The move is apparently intended to create one company better suited to fighting off challenges from bookseller Amazon.com, which moved into the music business in June, as well as brick-and-mortar giants turning to Web sales, such as Wal-Mart and Best Buy. After a brief honeymoon, the two small, publicly traded companies have each seen their stocks drop below the value of their initial public offering.
Still, analysts speculate that the merger, as well as the deal between German publishing giant Bertelsmann and Barnes & Noble made a few weeks ago, actually may help Amazon as much as the merging parties.
"There is going to be less competition for portal deals, and a little less competition for banner ads," said Ken Cassar, an analyst at Jupiter Communications. "There are also going to be fewer marketing and sales dollars chasing the book and music buyers' dollars."
Shares of N2K jumped as much as 17 percent on news of the merger. The stock closed 9.09 percent higher at 6, having traded as high as 34.63 and as low as 4.5 during the past 52 weeks. Shares of CDnow, meanwhile, fell 8.61 percent to 8.63. The stock has traded as high as 39 and as low as 7 during the past 52 weeks.
Both companies also announced third-quarter earnings today.

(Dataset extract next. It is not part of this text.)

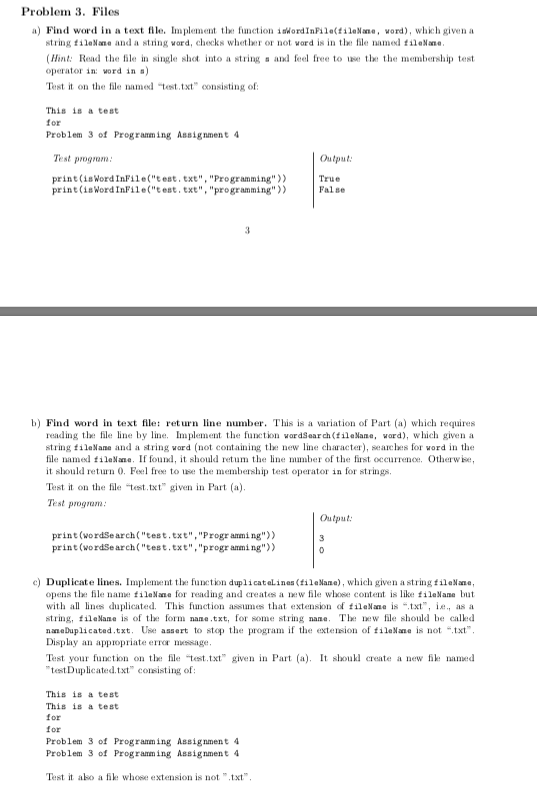 Solved Problem 3. Files a) Find word in a text file. | Chegg.com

The merger will result in the creation of a new publicly traded company, which will initially be called CDnow/N2K. In the all-stock deal, existing N2K shareholders will receive 0.83 shares of common stock in the new company for each share of N2K stock they own. Existing CDnow shareholders will receive 1 share of common stock in the new company for each CDnow share, in a tax-free exchange. The combined company will have an equity market capitalization of about $250 million, based on the closing prices of October 22 of the merging companies, the two music sellers announced.
CDnow is based in Jenkintown, Pennsylvania, and N2K is based in Manhattan.
N2K's Jon Diamond will become chairman of the company, while CDnow's Jason Olim will serve as president and chief executive. The company will be headquartered in New York, but will maintain operations in suburban Philadelphia, where both firms have facilities, the companies announced.
Layoffs are planned.
The move is one of the first major consolidations involving two publicly traded Internet start-up ventures. More typically, a Net company that's gone public snaps up an online firm that hasn't managed to do so. But both companies are struggling with razor-thin profit margins, typical in CD sales online and off.
Both CDnow and N2K offer upwards of 200,000 CD titles, and have struck numerous distribution agreements, such as exclusive arrangements to provide music sales on portal sites including Yahoo, Excite, and online Disney properties.